I believe Birgi could be the card that gives us a different way to build Mono-Red. Even if we aren’t necessarily as aggressive as the Embercleave decks, that doesn’t mean much so long as we are winning games. If our cards all working together generate enough synergy and we can roll that into a distinct advantage, getting Embercleave (and some of the other weak enablers) out of the deck could be a huge step for improving the Birgi builds.

Here’s a rudimentary build showcasing what things could be like without Embercleave.


This is a very rough draft, but I’m trying out a lot of different cards to see how they mesh. Birgi and Harnfel are extremely hard to evaluate without actually playing with them. If we’re going to take the leap and move away from Embercleave, we have to try anything and everything to help that come to fruition, including this forgotten gem:

Satyr's Cunning

One way to guarantee you gain a significant amount of mana from Birgi is a spell that can be cast multiple times. Escape is a great mechanic for helping do just that, and Satyr’s Cunning just so happens to be an absolute heater when paired up with Torbran. While they’re not exactly defensive because the tokens can’t block, Satyr’s Cunning allows you to generate a ton of creatures / permanents / threats for a very small investment.

My first instinct with Birgi was to look for all the cheap red spells. Satyr’s Cunning, while weak when cast alone, is quite spectacular when cast over and over again.

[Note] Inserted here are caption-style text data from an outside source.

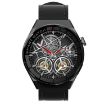 GW69 Plus Smart Watch, BT Call, Heart Rate, BP, Oxygen, Black/Leather - 3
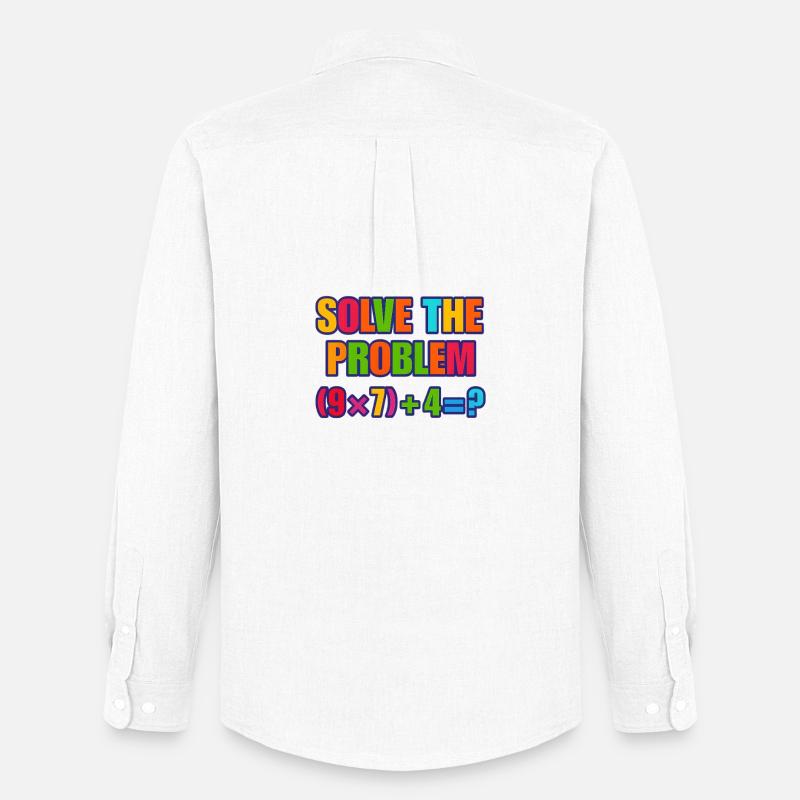 67 Meme, löse das Mathe-Rätsel - Männer Oxford Hemd von Stanley/Stella - Weiß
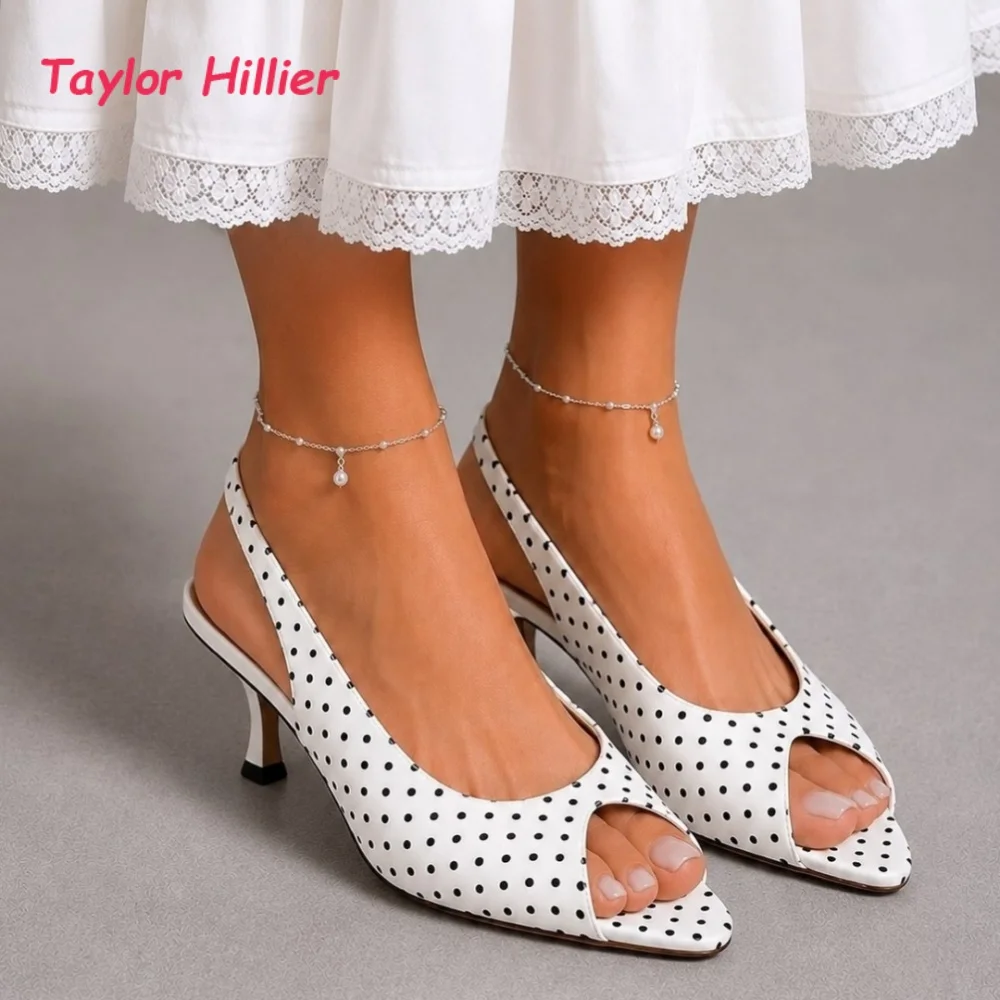 Cutout Peep Pointed Toe Satin Slingback Pumps Ladies New Arrival Summer Wedding Slip On Elegant Outdoor Dating Fashion Shoes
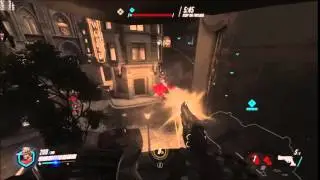Overwatch Beta - McCree Deadeye 5 Player Multikill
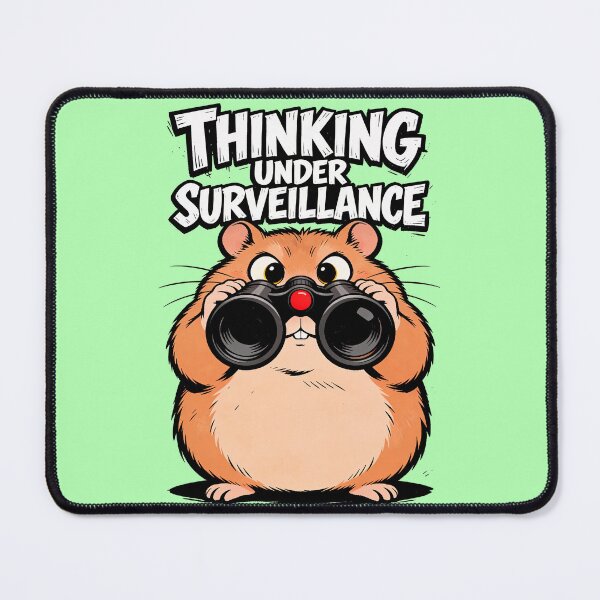 Item preview, THINKING UNDER SURVEILLANCE designed and sold by CriticalCult.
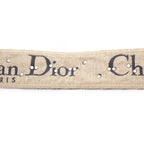 Dior Saddle Bag Mini Oblique Peacock Navy Canvas Leather — view 9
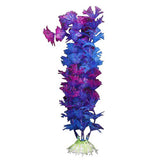 Maxbell 2x Height 20cm Plastic Vivid Plants for Aquarium Fish Tank Ornament Decoration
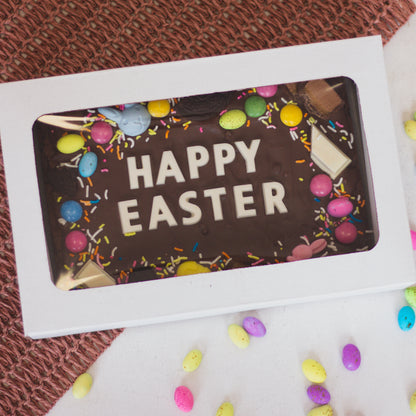 Happy Easter Chocolate Brownie Slab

Giving your deck more ways to utilize mana from Birgi and Tundra Fumarole is important for generating enough synergy to oust Embercleave as our go-to gameplan.

Dragonkin Berserker

This one having first strike is actually pretty sick because it means it might actually play defense well. It also gives you another mana sink, which is great for playing so many lands, playing longer games, and giving you a way to use the extra colorless mana from Tundra Fumarole.

For the most part, this whole article is a deckbuilding exercise to see if we can push the free mana from Tundra Fumarole to the limit. Just looking at how these cards interact and estimating their effect when working together is important for analyzing the new set.

Magmatic Channeler

Magmatic Channeler is another heater that hasn’t gotten nearly enough attention in Standard, and that is mostly thanks to the existence of Embercleave. This build focuses on putting a lot of cards into your graveyard via casting cheap interaction. If you’re successful in that interaction, following it up with a Magmatic Channeler could help dominate the battlefield defensively while generating some card economy along the way.

The terms “red” and “defensive” don’t often go together, but Magmatic Channeler is actually one of the better defensive cards for a red deck like this. A cheap 4/4 body in the mid-game can generate some real problems for Gruul Adventures, as just trading with Questing Beast might end up being the nuts.

Against opponents where you don’t necessarily want to engage in combat, Magmatic Channeler can start by generating some resources without much effort. It will eventually fuel itself, and ultimately become a 4/4 beater, but the early turns are for development. Casting this on the second turn instead of interacting with your opponent’s creature(s) will be a major focal point for the gameplay, as well as a litmus test on whether or not Magmatic Channeler is worth the investment.

It will take a lot for this rag-tag group to overtake the raw power and ease of victory that Embercleave generates. I’d wager Embercleave plus Anax has ended more careers than Damian Lillard, so any argument for removing them from your Mono-Red Standard deck needs to be thoroughly vetted. When the set is released on Magic Arena later this week, Mono-Red in all forms will be at the top of my testing list.

Until then, assume Embercleave isn’t going anywhere anytime soon, but don’t be afraid to try out some new stuff! The only reason Embercleave is so prominent in red decks is because it’s good. In order to supplant Embercleave as the better red strategy, we’ll have to do a lot of work, but I’m up for the challenge!